PyPI version Python 3.10+ License: MIT Documentation codecov

A Lightweight MLOps Framework for Machine Learning Workflows

Overview

Collie is a modern MLOps framework designed to streamline machine learning workflows by providing a component-based architecture integrated with MLflow. It enables data scientists and ML engineers to build, deploy, and manage ML pipelines with ease through modular components that handle different stages of the ML lifecycle.

Features

  • Component-Based Architecture: Modular design with specialized components for each ML workflow stage
  • MLflow Integration: Built-in experiment tracking, model registration, and deployment capabilities
  • Pipeline Orchestration: Seamless workflow management with event-driven architecture
  • Model Management: Automated model versioning, staging, and promotion
  • Framework Agnostic: Supports multiple ML frameworks (PyTorch, scikit-learn, XGBoost, LightGBM, Transformers)

Architecture

Collie follows an event-driven architecture with the following core components:

  • Transformer: Data preprocessing and feature engineering
  • Tuner: Hyperparameter optimization
  • Trainer: Model training and validation
  • Evaluator: Model evaluation and comparison
  • Pusher: Model deployment and registration
  • Orchestrator: Workflow coordination and execution

Quick Start

Installation

Basic Installation (Core Framework Only)

pip install collie-mlops

This installs the core MLOps orchestration framework with MLflow integration (~100MB).

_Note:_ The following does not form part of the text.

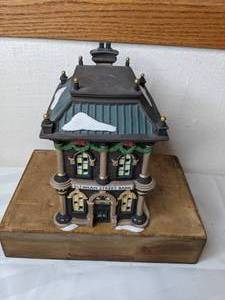 lot 76 image: Department 56 Heritage Village Collection Dickens Village Series Blenham Street Bank, 1995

Install with ML Frameworks

Choose the installation that fits your needs:

For Traditional ML (Tabular Data)

# Individual frameworks
pip install collie-mlops[sklearn]      # scikit-learn support
pip install collie-mlops[xgboost]      # XGBoost support
pip install collie-mlops[lightgbm]     # LightGBM support

# Or install all tabular ML frameworks (~250MB)
pip install collie-mlops[tabular]

For Deep Learning

# PyTorch ecosystem (includes Transformers for NLP/Vision) (~3GB)
pip install collie-mlops[pytorch]

# Or use the alias
pip install collie-mlops[deep-learning]

For Complete Installation

# All frameworks (~3.5GB)
pip install collie-mlops[all]

Prerequisites

  • Python >= 3.10
  • MLflow tracking server (can be local or remote)

Components

Transformer

Handles data preprocessing, feature engineering, and data validation.

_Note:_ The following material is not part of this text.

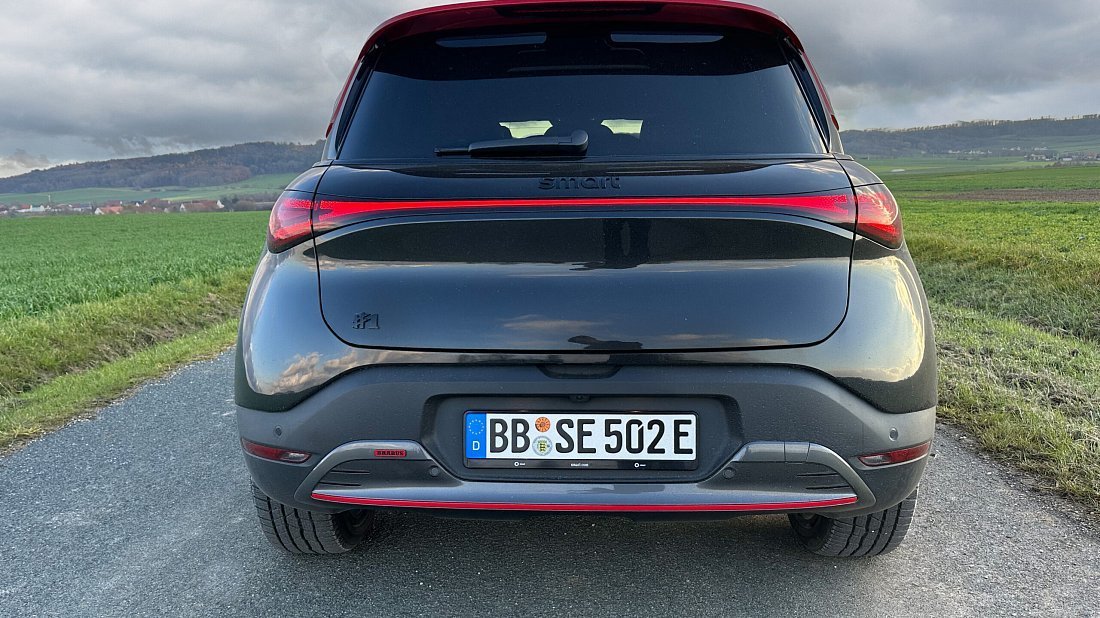Smart #1 Brabus (2023-…) вид сзади, задние фонари, багажник, спойлер, эмблема, бампер, экстерьер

class CustomTransformer(Transformer):
    def handle(self, event) -> Event:
        # Process your data
        processed_data = ... 
        return Event(payload=TransformerPayload(train_data=processed_data))

Tuner

Performs hyperparameter optimization using various strategies.

class CustomTuner(Tuner):
    def handle(self, event) -> Event:
        # Optimize hyperparameters
        best_params = ...
        return Event(payload=TunerPayload(hyperparameters=best_params))

Trainer

Trains machine learning models with automatic experiment tracking.

class CustomTrainer(Trainer):
    def handle(self, event) -> Event:
        # Train your model
        model = ...
        return Event(payload=TrainerPayload(model=model))

Evaluator

Evaluates model performance and decides on deployment.

class CustomEvaluator(Evaluator):
    def handle(self, event) -> Event:
        # Evaluate model performance
        metrics = ...
        is_better: bool = ...
        return Event(payload=EvaluatorPayload(
            metrics=metrics, 
            is_better_than_production=is_better
        ))

Pusher

Handles model deployment and registration.

class CustomPusher(Pusher):
    def handle(self, event) -> Event:
        # Deploy model to production
        model_uri = ...
        return Event(payload=PusherPayload(model_uri=model_uri))

Orchestrator

Coordinates the execution of all components in the pipeline.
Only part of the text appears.